Starting from square one
Gemmaine Walsh, who was recruited as director of marketing and communications at the University of Reading in 2012, says one of her biggest priorities has been to give the institution a clear identity. Her appointment was prompted by concerns that the university was unprepared for the impact of new market forces created by the Government’s reforms.
“It wasn’t that Reading had a bad reputation – it just didn’t have one,” explains Walsh. “So we decided to think about a wholesale repositioning of the university.”
Prior to Walsh’s appointment, there was no dedicated marketing function but she now works in an integrated internal team of 100 people covering communications, digital student engagement and recruitment. Last year the university ran its first ever national advertising campaign using bold, challenging imagery and the straplines, ‘We’re Ready’ and ‘Are you Ready?’ as a play on the word ‘Reading’.
“We have to build the same engagement, interest and cut-through as other youth brands.”

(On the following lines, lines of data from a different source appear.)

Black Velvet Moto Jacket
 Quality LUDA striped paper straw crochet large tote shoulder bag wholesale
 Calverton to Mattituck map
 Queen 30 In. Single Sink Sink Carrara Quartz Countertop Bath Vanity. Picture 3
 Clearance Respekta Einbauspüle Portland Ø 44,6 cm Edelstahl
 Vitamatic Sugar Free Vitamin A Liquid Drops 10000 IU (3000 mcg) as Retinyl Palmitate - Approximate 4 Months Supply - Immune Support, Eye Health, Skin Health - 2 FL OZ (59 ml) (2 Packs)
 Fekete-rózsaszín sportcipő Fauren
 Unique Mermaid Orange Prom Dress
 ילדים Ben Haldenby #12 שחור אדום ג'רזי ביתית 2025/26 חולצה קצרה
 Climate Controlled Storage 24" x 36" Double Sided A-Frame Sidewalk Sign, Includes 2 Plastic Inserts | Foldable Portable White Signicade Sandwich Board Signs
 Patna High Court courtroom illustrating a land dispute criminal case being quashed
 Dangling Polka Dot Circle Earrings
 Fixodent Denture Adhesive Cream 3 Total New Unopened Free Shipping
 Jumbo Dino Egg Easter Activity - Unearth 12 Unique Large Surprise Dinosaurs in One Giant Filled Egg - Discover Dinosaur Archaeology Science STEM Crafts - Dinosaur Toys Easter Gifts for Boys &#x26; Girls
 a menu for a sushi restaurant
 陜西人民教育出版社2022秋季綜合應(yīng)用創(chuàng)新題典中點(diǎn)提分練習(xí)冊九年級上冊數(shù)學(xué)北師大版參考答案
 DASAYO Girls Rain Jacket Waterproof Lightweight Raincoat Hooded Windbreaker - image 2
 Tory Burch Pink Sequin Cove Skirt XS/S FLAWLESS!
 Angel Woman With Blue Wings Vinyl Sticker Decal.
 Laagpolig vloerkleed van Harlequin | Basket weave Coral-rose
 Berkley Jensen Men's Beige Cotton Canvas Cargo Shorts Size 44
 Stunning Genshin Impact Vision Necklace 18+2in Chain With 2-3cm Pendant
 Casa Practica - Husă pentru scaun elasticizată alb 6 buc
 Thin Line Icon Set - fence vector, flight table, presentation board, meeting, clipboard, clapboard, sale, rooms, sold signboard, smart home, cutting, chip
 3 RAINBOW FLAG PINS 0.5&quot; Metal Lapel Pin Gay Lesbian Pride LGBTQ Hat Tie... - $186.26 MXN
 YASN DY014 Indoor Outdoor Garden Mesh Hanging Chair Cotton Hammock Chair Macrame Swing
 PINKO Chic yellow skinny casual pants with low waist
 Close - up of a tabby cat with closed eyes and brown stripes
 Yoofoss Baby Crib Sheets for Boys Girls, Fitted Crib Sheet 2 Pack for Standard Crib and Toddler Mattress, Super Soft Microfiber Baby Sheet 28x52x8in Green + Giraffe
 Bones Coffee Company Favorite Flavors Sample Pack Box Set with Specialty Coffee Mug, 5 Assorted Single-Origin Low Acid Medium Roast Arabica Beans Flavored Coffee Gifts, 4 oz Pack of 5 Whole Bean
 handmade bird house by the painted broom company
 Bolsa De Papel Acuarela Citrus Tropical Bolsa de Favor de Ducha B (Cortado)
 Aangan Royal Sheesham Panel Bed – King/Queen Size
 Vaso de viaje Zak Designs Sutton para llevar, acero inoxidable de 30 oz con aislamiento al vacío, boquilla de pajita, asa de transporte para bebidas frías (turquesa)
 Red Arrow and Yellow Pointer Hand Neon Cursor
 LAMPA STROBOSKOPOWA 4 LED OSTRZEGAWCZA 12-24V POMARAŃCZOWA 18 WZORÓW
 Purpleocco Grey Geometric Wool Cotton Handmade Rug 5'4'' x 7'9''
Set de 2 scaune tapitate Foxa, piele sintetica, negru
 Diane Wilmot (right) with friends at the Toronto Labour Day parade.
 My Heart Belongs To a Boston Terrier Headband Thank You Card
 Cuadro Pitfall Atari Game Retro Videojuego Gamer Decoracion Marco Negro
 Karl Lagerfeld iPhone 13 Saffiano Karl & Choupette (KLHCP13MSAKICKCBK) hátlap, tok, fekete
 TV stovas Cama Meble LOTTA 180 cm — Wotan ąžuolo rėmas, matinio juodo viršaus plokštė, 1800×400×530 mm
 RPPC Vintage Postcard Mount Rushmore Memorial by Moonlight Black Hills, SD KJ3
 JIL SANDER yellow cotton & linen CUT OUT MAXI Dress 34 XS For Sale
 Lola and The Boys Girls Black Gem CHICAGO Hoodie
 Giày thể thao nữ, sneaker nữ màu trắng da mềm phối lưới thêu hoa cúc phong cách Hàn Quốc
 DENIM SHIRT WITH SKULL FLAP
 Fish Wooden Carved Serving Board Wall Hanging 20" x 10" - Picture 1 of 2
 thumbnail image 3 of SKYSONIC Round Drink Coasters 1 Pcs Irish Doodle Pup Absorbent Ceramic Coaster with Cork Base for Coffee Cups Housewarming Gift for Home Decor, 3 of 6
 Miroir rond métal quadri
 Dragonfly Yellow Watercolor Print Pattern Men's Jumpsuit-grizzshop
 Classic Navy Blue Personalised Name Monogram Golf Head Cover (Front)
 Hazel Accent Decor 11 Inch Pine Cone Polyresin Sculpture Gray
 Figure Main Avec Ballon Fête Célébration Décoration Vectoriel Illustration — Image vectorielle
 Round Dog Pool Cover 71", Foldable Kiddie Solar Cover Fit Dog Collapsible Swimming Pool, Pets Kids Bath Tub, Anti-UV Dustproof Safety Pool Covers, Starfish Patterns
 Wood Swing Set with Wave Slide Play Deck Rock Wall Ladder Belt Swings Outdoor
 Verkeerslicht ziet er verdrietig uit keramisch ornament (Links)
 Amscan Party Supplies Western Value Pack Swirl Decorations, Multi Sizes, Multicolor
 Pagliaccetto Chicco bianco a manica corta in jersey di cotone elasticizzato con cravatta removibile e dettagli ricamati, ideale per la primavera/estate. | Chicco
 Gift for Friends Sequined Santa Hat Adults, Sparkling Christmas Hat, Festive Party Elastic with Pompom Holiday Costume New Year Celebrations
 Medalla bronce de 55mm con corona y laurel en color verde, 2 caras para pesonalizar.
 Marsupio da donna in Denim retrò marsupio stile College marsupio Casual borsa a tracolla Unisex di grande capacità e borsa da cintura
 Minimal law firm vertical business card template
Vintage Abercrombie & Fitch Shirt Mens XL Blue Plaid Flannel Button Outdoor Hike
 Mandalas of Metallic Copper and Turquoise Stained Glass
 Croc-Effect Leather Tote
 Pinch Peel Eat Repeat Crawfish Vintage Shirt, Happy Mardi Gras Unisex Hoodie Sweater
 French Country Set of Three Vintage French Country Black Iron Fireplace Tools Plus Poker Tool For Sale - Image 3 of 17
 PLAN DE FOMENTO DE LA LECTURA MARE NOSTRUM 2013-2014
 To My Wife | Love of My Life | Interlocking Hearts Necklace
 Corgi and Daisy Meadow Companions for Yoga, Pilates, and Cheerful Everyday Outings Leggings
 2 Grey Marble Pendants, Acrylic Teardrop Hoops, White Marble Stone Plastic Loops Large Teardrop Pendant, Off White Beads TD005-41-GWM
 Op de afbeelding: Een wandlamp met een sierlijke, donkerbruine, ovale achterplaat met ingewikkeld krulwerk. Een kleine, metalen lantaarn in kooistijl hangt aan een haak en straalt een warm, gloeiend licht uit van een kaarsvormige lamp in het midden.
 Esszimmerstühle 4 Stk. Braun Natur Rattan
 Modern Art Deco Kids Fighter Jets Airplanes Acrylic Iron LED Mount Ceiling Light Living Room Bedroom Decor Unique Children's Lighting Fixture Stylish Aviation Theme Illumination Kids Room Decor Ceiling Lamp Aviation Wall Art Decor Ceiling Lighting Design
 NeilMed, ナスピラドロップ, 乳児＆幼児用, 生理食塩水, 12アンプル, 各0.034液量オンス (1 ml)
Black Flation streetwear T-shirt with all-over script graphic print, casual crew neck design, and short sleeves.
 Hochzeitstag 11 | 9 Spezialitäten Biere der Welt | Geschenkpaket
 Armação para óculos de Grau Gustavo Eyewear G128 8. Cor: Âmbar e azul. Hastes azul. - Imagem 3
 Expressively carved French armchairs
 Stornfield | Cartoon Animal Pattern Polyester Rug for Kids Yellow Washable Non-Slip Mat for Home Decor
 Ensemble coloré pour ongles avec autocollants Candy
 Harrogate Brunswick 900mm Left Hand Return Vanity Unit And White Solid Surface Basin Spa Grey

Gemmaine Walsh, University of Reading
The university is continuing this theme with a campaign launching this month for the 2016-17 recruitment year. In addition to using outdoor ads, it is making greater use of digital channels by running adverts on the Xbox console and by using programmatic buying to target online ads at its young audience. The university also partnered with Reading Festival for the first time last month to provide it with exclusive access and content from the event.
Last year’s marketing campaign saw the university scoop several awards and achieve a 21% annual increase in applications for the 2015-16 entry year – 10 times the national increase in applications. Walsh argues that, given the rate of change in the sector, Reading cannot afford to stand still when it comes to marketing.
“We’re progressing quite quickly because we have to; we have to get ahead of the game,” she adds. “We’re competing against other youth brands these days. There’s so much noise and we have to build the same engagement, interest and cut-through as other youth brands.”
Content-led marketing
Brunel University London has also sought to stand out with its marketing in order to appeal to an increasingly discerning generation of student consumers. Last month it launched a multichannel campaign aimed at students going through ‘clearing’, the nationwide service that finds courses for those who miss their expected A-level grades.
Every student who was offered a place at Brunel through clearing was sent an ‘I’m #goingtobrunel’ branded t-shirt and a welcoming postcard, all sealed in a silver envelope.
The idea was to welcome the students into the university community, reassure them that their decision was the right one and encourage social sharing as students used the hashtag to post photographs of themselves in the t-shirts on social media.
Carly Marsh, who became head of marketing at Brunel three months ago, says the response to the initiative was so strong that existing students and alumni also got involved, with many asking for their own t-shirts.
Marsh’s appointment is designed to provide a new, more integrated approach to marketing within the institution. This includes a plan to relaunch the university’s website later this year with a greater focus on functionality and useful content for students.
“There has probably been too much of a reliance on just offering a prospectus or a course brochure,” she says. “Young people want to know what the experience is really like day-to-day so we’ve got to take a step away from product-led marketing and move more towards content marketing.”
Achieving a holistic approach to digital communications has also been at the forefront of Salford University’s marketing strategy. Last year it became a client of Hootsuite: a social media management platform that allows an organisation to coordinate all of its social communications via a central dashboard.
Salford uses the platform to achieve a consistent tone of voice in its marketing, as well as to deal with inbound student queries and communications that increasingly come via social channels.
Justin Clark, senior press officer at Salford, notes that as a consequence of higher tuition fees and rising expectations, students increasingly demand a fast and efficient service on the channels they commonly use. The university also launched a “Tinder-style app” last month to help students going through clearing to find the right course.
“We had the idea to become the first truly social university in the UK,” says Clark. “That means embedding it across not just PR and marketing, but opening it up right across the university.”